Las vidas pasadas me han enseñado que no hay nada de extraordinario en que la vida sea un absoluto colmado de ciclos en su interior. La encarnación es un acto de todos los días: basta con pensarse en otro espacio, otro tiempo, otro cuerpo, para haber tenido ya una experiencia astral. De bajo nivel e inútil, sí, pero astral hasta la médula.
Esta vida moderna me devasta.
Esta vida que ha hecho del contraste el más flagrante y radical de los placeres. Por ejemplo
-en medio del caos es cuando vale la pena meditar o escuchar una música lenta y armónica
-yo amo despertar con guitarrazos estrafalarios o bien con el jazz más free y rudo que encuentre
-un beso en la frente o la más suave de las caricias justo en la cúspide del encuentro amoroso puede ser una experiencia harto sensual
-el carrilero que hace las funciones de extremo puede irse por toda la banda quitándose rivales y controlando el balón, pero el gol será memorable solo si bombea suavemente el esférico ante la salida del arquero
En mi vida moderna importa la vertiginosa apariencia al punto de elevar al grado de éxtasis a la discreta individualidad, ese dulce paraje del pensamiento a solas, del silencio abstractor (ah, benditas palabras que no existen y que sin embargo exigen su derecho a la presencia de vez en cuando).
En mi vida moderna importan los nombres, las categorías, las descripciones.
Añoro cuando bastaba con admitir a la locura, ese estado creativo que no depende de las justificaciones, como un medio legítimo de expresión.
Léase la infancia.
Últimamente mis mejores charlas las tengo con mi hija que, dicen, aún no sabe hablar bien.
Mierda, ¿y por qué yo le entiendo a la perfección?

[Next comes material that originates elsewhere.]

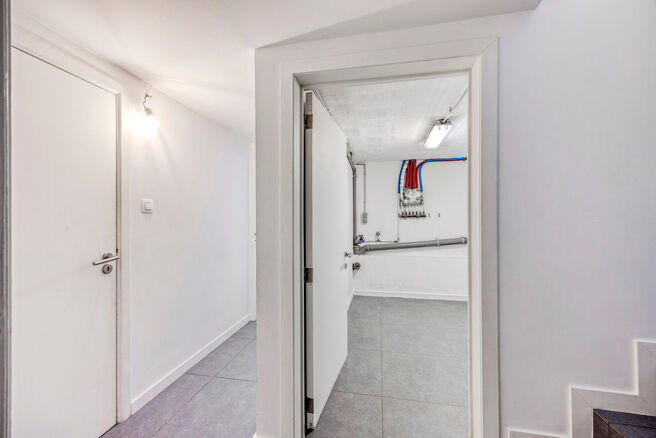Cette maison entièrement rénovée est située dans le quartier prisé, verdoyant et à faible circulation d’Abtsdal, à distance de marche du centre de Grimbergen.
Le quartier est réputé pour son caractère familial, sa proximité avec les écoles,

Sus juegos son deliciosos, cuando transforma en nueces sus colores y se los come imaginariamente o cuando inventa palabras como cisocé, kamipopia o kalá para nombrar objetos aún sabiendo a la perfección sus nombres, o aquellas veces en que escala montañas tapizadas o vuela por los altos y prolongados cielos que abundan entre la cama y el techo.

Esta vida moderna impone normas y le otorga juicios terribles a quien no las cumple a cabalidad, ya lo sabemos.
Y lo detestamos.
Esta vida con sus énfasis en curar en base a desplazar el dolor hacia otro lado sin querer profundizar en su significado, en lo que simboliza, en lo que el cuerpo comunica tan sabia y milenariamente.
Esta vida con sus lastres brutales en las finanzas, la política, la religión, la cultura de los países (acaso siempre el mismo aciago país global), las cuales imponen estilos de vida tarde o temprano insatisfactorios.
Esta vida con ese inquietante poder de enseñanza en torno a vivirlo todo salvo el presente, razón por la cual es fácil que aparezca luego el deseo, el consumo, la egolatría, el miedo.
Esta vida, falible y absurda.
Moderna como cualquier otra época pasada.
(una queja más al respecto, como siempre con nosotros, los inconformes)
Y yo que venía aquí a hablar de otra cosa, mierda.